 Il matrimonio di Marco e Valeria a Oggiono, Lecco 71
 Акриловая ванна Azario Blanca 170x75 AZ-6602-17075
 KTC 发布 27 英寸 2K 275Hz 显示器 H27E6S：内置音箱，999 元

======

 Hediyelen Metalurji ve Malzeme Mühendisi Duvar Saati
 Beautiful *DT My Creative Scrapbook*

======

# Task objective
Repeat, exactly as they stand above, the lines from the line with "Il matrimonio di" to the line with "KTC 发布 27 英寸 2K 275Hz 显示器 H27E6S：内置音箱，999 元", both lines included.

# Answer box
 Il matrimonio di Marco e Valeria a Oggiono, Lecco 71
 Акриловая ванна Azario Blanca 170x75 AZ-6602-17075
 KTC 发布 27 英寸 2K 275Hz 显示器 H27E6S：内置音箱，999 元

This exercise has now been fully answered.